La digoxine active le métabolisme basal

Les animaux obèses en raison d’un régime hypercalorique, ont continué à manger comme avant lorsqu’ils prenaient de la digoxine. Cependant, ils ont montré une activation de leur métabolisme basal, qui se traduit par la combustion de l’excès de graisse et la perte de poids. Le groupe de Djouder au CNIO a déjà observé une perte de poids en quelques semaines, sans effets indésirables. Les bénéfices ont été maintenus pendant au moins huit mois, ce qui suggère que les mécanismes de résistance ne se développent pas.
Ces résultats sont donc cliniquement pertinents : « il est tentant de proposer aux patients obèses de prendre de la digoxine pendant une courte période jusqu’à ce que la perte de poids se stabilise, puis de suivre un régime alimentaire sain », explique Ana Teijeiro, premier auteur de l’article. « Ce médicament pourrait également être indiqué pour les pathologies liées à l’obésité, comme l’hypercholestérolémie, la stéatose hépatique et le diabète de type 2 », ajoute Teijeiro.

Un effet immédiat

Le groupe de Djouder au CNIO a commencé cette ligne de recherche il y a cinq ans, lorsque, dans une autre étude sur l’inflammation et le cancer du foie, ils ont observé que les souris perdaient du poids. Les résultats d’autres études suggéraient déjà que les nutriments peuvent induire une inflammation par un processus médié par l’IL-17A, le composant-clé de l’inflammation.
Les chercheurs du CNIO ont postulé que le fait de blocage de la production d’IL-17A par les cellules immunitaires avec la digoxine réduirait l’action de l’IL-17A et donc le poids des souris. « C’est effectivement ce que nous avons constaté », déclare M. Djouder.
La digoxine est utilisée depuis longtemps pour traiter l’insuffisance cardiaque, et on savait qu’elle agissait sur l’IL-17A. Son effet sur le poids corporel, en revanche, n’avait jamais été observé. Djouder attribue cela au fait que la maladie cardiovasculaire des patients utilisant la digoxine provoque une forte rétention de liquide, ce qui masque l’effet amaigrissant de la digoxine.
De plus, la dose à laquelle la digoxine est actuellement utilisée chez l’homme est trois fois plus faible que celle utilisée chez la souris pour lutter contre l’obésité, sans effets toxiques.
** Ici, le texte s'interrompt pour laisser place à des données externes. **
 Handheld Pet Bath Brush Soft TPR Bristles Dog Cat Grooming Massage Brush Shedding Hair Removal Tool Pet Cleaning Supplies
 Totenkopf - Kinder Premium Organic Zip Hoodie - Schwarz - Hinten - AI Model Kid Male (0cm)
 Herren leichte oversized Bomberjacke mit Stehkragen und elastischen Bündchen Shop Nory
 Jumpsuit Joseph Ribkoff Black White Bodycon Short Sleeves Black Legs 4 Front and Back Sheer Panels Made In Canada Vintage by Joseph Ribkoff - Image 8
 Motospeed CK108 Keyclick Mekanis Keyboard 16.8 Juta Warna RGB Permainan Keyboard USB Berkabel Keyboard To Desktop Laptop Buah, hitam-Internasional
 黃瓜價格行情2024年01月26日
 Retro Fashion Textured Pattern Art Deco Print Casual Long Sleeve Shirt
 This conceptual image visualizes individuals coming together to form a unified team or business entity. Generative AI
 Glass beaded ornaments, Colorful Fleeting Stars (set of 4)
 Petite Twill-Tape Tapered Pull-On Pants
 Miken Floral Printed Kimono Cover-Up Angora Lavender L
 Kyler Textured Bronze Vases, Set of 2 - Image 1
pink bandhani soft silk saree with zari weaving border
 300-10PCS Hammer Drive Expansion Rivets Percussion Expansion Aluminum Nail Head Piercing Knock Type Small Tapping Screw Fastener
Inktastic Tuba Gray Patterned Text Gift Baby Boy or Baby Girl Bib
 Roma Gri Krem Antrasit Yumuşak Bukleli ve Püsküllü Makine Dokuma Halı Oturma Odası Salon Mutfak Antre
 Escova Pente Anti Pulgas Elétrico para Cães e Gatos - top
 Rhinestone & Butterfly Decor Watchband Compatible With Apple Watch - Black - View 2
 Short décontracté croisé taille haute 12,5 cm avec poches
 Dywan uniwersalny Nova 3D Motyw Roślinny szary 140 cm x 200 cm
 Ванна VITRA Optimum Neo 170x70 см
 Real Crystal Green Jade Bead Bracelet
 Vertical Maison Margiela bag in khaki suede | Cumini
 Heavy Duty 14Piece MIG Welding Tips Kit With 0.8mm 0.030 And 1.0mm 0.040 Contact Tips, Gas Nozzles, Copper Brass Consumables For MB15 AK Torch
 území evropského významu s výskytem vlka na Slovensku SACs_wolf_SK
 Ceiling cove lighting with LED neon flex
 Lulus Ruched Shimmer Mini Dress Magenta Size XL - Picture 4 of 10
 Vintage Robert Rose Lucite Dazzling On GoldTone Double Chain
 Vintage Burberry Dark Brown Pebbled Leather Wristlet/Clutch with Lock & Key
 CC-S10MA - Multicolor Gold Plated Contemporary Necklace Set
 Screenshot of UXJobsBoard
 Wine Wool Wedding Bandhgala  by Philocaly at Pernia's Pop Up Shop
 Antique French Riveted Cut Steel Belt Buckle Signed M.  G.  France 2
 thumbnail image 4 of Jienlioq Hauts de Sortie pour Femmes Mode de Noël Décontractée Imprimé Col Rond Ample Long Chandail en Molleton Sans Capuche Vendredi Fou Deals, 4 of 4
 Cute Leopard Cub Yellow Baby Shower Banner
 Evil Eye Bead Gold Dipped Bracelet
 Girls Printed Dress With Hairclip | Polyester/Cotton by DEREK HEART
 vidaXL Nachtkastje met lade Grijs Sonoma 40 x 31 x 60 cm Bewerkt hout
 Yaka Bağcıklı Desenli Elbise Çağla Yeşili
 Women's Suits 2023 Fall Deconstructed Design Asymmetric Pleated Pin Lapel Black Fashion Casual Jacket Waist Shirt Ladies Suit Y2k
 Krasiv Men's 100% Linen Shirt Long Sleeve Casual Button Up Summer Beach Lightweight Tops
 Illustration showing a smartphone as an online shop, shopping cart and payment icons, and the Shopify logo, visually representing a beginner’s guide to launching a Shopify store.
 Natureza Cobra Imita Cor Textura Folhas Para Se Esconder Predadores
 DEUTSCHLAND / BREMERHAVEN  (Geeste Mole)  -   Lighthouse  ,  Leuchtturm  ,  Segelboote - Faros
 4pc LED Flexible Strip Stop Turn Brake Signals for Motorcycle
Le fait qu’aucun effet secondaire n’ait été observé chez les animaux suggère que, chez l’homme, la dose à laquelle une perte de poids a pu être observée pourrait ne pas être nocive.

Des résultats qui doivent être confirmés

« La digoxine, qui est un médicament déjà disponible, ou d’autres inhibiteurs de la production d’IL-17A pourraient être des traitements très efficaces contre l’obésité et les maladies métaboliques », déclare Djouder, et il conclut qu' »ils devraient être évalués dans des essais cliniques pour traiter ces maladies. »En effet, les chercheurs soulignent que ces résultats ont été obtenus chez la souris et que des études épidémiologiques et des essais cliniques sont nécessaires pour les corroborer chez l’homme.
Cette recherche a été publiée dans Nature Metabolism.